Phuket’s Big Buddha project cleared of wrongdoing

PHUKET: An internal inquiry by the Royal Forestry Department’s Community Forestry Management Bureau has found no wrong doing by any parties involved in the Phuket Big Buddha project.

The inquiry was launched after a flood of complaints, led Phuket Vice Governor Somkiet Sangkaosutthirak, demanding a completion date from the project’s managers, the Mingmongkol Faith 45 Foundation.

The complaints have now been answered. Ongkharak Ritthiroot, Director of the Community Forest Management Bureau at the Forestry Department’s regional office in Krabi, has confirmed to the Phuket Gazette that the permit for the project has been extended again, this time until 2016.

“The project started in 2002 and permission for its continuation was given in 2007. This year is the third extension,” he said.

“The previous permit expired at the end of September last year. The delay in approving the extension to the permit is due to the fact that we had to find resolutions to the complaints first. We received complaints from nearby residents worried about the risk of landslides.

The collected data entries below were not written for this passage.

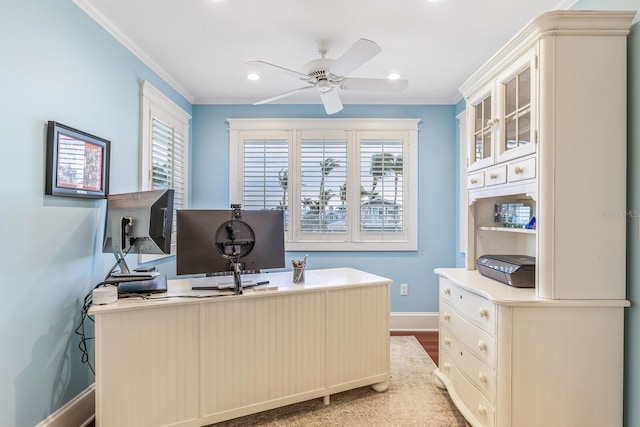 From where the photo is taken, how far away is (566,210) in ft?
5.42

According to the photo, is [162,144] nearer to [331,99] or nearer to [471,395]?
[331,99]

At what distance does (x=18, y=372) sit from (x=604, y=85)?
3352 millimetres

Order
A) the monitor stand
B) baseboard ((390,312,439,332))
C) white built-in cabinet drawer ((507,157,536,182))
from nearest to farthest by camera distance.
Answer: white built-in cabinet drawer ((507,157,536,182)), the monitor stand, baseboard ((390,312,439,332))

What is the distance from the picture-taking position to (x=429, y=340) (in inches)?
140

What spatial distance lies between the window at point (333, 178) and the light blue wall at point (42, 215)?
1765 mm

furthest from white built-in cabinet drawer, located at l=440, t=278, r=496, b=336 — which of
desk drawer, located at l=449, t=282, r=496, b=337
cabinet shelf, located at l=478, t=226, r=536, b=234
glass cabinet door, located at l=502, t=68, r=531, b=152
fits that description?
glass cabinet door, located at l=502, t=68, r=531, b=152

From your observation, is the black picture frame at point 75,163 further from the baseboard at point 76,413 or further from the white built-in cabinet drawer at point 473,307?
the white built-in cabinet drawer at point 473,307

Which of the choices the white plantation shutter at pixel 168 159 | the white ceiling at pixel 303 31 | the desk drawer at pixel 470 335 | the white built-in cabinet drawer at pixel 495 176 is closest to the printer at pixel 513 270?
the desk drawer at pixel 470 335

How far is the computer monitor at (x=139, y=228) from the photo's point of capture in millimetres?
1949

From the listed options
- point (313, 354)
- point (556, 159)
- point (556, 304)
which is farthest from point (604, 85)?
point (313, 354)

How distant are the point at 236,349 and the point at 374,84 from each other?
7.09ft

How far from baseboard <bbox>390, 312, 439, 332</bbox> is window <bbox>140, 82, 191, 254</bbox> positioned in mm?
2766

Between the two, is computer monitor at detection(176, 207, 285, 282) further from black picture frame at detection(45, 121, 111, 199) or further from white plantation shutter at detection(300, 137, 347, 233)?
white plantation shutter at detection(300, 137, 347, 233)

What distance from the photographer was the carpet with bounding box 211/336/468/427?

Officers examined the area and found no evidence of landslides.

“Since then, the complaints have stopped,” he added.

Mr Ongkharak explained that only after his office had completed the investigation into the landslide complaints could he apply to his superiors in Bangkok to extend the permit.

“Another complaint, that construction had spread outside the area for which the permit had been granted, was difficult to deal with as most structures that surround the Big Buddha are not permanent,” he said.

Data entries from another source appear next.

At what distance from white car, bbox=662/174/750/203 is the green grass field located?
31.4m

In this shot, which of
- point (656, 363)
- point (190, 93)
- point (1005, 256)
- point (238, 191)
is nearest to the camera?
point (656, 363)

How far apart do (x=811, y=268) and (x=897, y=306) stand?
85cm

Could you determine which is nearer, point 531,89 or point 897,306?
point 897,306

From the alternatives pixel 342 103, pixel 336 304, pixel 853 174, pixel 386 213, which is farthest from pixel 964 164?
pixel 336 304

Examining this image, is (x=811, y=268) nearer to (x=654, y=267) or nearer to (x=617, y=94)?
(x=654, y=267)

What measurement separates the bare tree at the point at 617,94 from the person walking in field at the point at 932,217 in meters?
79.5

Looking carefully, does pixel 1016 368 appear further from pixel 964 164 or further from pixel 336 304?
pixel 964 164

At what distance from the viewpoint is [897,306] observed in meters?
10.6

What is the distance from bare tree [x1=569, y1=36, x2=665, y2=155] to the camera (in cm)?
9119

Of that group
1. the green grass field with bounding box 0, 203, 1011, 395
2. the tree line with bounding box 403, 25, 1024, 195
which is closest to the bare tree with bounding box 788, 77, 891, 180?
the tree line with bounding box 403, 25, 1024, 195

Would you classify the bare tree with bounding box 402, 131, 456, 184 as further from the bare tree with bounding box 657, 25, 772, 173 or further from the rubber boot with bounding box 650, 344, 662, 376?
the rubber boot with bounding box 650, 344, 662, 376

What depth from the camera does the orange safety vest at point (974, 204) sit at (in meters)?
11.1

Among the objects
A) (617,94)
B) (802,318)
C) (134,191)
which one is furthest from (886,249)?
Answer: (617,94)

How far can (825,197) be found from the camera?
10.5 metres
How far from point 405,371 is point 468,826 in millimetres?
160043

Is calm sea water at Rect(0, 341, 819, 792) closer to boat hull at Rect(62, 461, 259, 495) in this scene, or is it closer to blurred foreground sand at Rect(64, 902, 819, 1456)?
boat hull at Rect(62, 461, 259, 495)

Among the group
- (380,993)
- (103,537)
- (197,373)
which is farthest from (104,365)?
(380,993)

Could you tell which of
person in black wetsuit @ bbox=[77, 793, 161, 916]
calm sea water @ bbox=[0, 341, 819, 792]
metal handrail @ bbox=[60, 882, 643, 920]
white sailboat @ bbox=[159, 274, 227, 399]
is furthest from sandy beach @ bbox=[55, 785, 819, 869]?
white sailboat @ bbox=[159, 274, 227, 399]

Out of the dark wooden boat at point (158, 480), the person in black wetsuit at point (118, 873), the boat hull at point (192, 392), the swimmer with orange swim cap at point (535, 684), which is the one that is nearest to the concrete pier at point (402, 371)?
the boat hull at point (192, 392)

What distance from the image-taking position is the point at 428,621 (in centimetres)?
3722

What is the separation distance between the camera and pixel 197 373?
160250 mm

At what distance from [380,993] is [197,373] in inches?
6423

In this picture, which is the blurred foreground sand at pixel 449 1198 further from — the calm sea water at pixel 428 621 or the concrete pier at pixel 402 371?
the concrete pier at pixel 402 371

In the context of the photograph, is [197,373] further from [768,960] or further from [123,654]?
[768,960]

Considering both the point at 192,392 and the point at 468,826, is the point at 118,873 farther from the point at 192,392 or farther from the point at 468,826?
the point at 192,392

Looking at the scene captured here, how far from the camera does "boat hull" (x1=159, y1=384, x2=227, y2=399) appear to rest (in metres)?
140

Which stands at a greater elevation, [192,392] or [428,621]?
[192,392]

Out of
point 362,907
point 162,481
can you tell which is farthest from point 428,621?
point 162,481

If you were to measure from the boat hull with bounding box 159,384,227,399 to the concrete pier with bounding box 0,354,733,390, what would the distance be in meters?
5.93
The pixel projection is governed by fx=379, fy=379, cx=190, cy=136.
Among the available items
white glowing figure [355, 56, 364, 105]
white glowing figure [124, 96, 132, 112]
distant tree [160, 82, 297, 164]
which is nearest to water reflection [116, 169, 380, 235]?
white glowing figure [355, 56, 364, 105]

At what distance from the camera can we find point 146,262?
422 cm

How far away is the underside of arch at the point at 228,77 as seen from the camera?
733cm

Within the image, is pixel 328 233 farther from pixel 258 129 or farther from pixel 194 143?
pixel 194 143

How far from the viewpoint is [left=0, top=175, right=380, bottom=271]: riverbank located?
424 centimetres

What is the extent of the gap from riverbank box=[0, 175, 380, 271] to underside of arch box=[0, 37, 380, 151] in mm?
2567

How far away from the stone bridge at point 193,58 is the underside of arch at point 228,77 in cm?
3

That complaint, which dates back years, resulted in a meeting in June 2011 at which Phoppol Sirilugsanapong, the then head of the Ministry of Natural Resources and Environment office in Phuket, ordered the Foundation to pull down all unauthorized buildings at the site that were not directly related to authorized construction.

Mr Ongkharak explained that one “temporary” building on the hill is for preparing food while others are housing for on-site workers and security guards.

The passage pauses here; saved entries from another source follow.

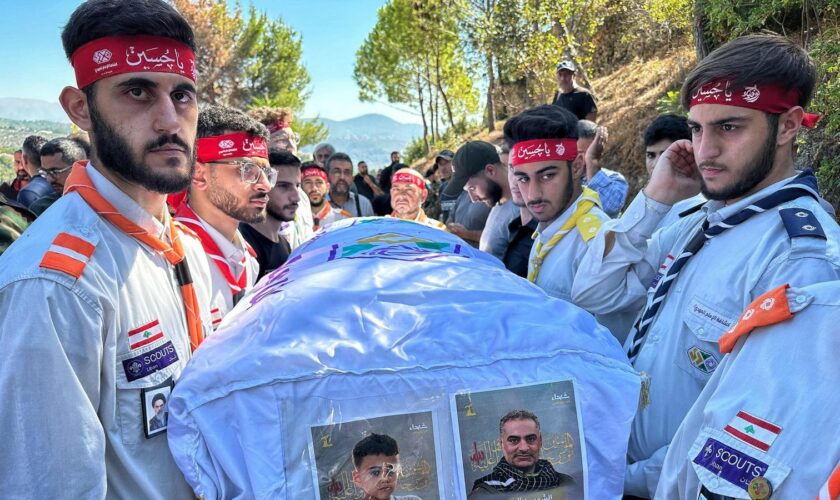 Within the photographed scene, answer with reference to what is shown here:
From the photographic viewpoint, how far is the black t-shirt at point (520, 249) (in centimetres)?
339

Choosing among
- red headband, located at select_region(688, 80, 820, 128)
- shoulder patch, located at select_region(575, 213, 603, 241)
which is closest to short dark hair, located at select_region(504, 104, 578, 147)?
shoulder patch, located at select_region(575, 213, 603, 241)

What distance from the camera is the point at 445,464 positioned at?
4.88 ft

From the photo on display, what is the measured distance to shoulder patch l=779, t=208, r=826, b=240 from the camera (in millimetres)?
1642

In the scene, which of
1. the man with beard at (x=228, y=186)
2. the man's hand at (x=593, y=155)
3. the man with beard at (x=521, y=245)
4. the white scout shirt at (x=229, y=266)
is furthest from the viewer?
the man's hand at (x=593, y=155)

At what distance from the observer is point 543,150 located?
2.82 meters

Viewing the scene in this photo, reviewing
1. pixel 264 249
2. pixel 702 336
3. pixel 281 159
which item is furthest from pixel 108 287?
pixel 281 159

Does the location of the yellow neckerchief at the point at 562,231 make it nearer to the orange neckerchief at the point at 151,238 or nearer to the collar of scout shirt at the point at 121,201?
the orange neckerchief at the point at 151,238

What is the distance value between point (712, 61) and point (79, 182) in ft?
6.45

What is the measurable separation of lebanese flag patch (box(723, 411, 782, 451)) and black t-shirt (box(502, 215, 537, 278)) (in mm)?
1959

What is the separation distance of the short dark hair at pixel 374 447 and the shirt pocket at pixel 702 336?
3.14 ft

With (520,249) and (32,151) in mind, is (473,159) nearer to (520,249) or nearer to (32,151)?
(520,249)

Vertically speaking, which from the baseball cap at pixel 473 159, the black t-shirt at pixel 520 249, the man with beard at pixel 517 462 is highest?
the baseball cap at pixel 473 159

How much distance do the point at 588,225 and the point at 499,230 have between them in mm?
1577

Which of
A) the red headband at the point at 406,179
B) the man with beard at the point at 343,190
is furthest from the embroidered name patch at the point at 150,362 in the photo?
the man with beard at the point at 343,190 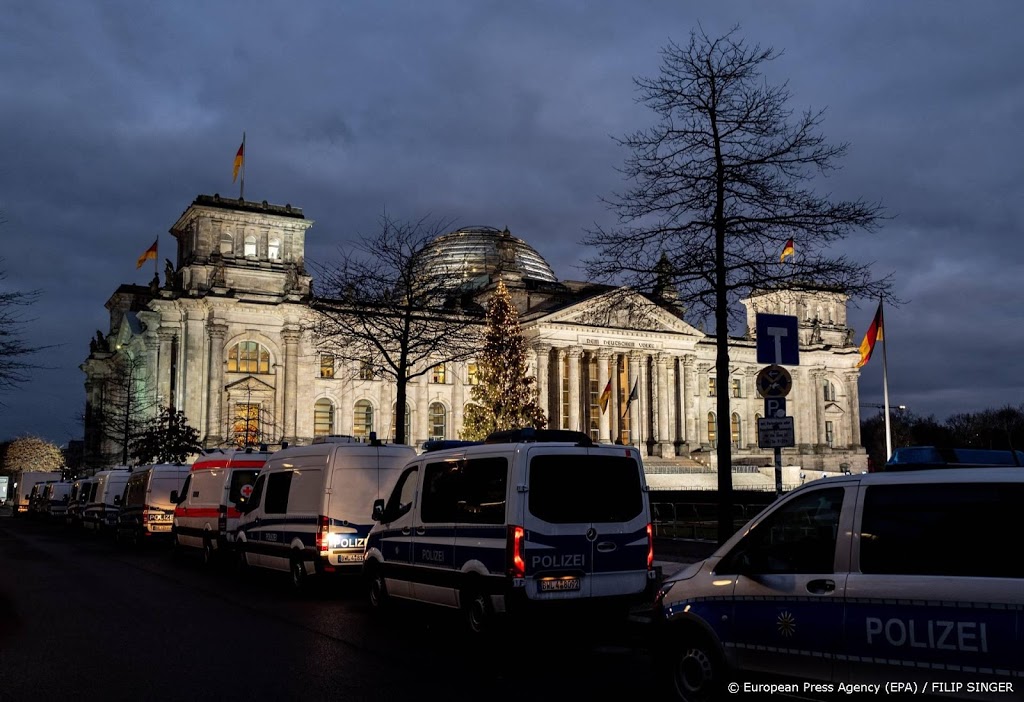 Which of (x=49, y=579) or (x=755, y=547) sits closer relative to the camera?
(x=755, y=547)

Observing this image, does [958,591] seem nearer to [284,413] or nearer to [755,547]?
[755,547]

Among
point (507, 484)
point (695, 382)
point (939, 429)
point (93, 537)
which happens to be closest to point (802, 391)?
point (695, 382)

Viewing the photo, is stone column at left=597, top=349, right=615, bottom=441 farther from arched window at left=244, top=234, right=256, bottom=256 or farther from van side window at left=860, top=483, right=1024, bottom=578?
van side window at left=860, top=483, right=1024, bottom=578

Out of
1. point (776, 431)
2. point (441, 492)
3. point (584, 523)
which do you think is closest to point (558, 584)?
point (584, 523)

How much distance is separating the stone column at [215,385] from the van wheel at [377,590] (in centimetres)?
4651

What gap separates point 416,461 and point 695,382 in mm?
68804

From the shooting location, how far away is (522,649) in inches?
452

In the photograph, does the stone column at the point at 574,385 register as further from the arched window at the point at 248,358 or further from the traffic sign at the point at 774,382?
the traffic sign at the point at 774,382

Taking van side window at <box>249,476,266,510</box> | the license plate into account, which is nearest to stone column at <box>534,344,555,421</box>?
van side window at <box>249,476,266,510</box>

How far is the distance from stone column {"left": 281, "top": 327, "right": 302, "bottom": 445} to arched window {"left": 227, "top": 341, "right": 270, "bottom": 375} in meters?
1.50

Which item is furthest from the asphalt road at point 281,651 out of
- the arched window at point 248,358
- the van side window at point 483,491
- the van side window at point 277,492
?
the arched window at point 248,358

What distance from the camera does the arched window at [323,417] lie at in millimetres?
64625

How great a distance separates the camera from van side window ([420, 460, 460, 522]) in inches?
504

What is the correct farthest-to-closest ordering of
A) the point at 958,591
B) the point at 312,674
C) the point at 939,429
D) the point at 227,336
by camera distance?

“Besides, the buildings on the hill are not related to tourism, but for matters relating to donations. No tourist accommodation has been established on the hill and tourists cannot stay overnight,” he added.

Relations between officials and the Foundation operating the Phuket Big Buddha project, one of the most popular tourist attractions on the island, have long been strained.

The friction is primarily due to the controversy over the handling of donations; the fact that the giant image sits in the middle of a protected forest; and the fact that it is much bigger than what was originally approved.

It was reported by the Gazette last August that the Foundation was to continue to collect donations for the project, this despite a committee ruling that it was no longer allowed to advertise or publicly solicit donations for the project off-site.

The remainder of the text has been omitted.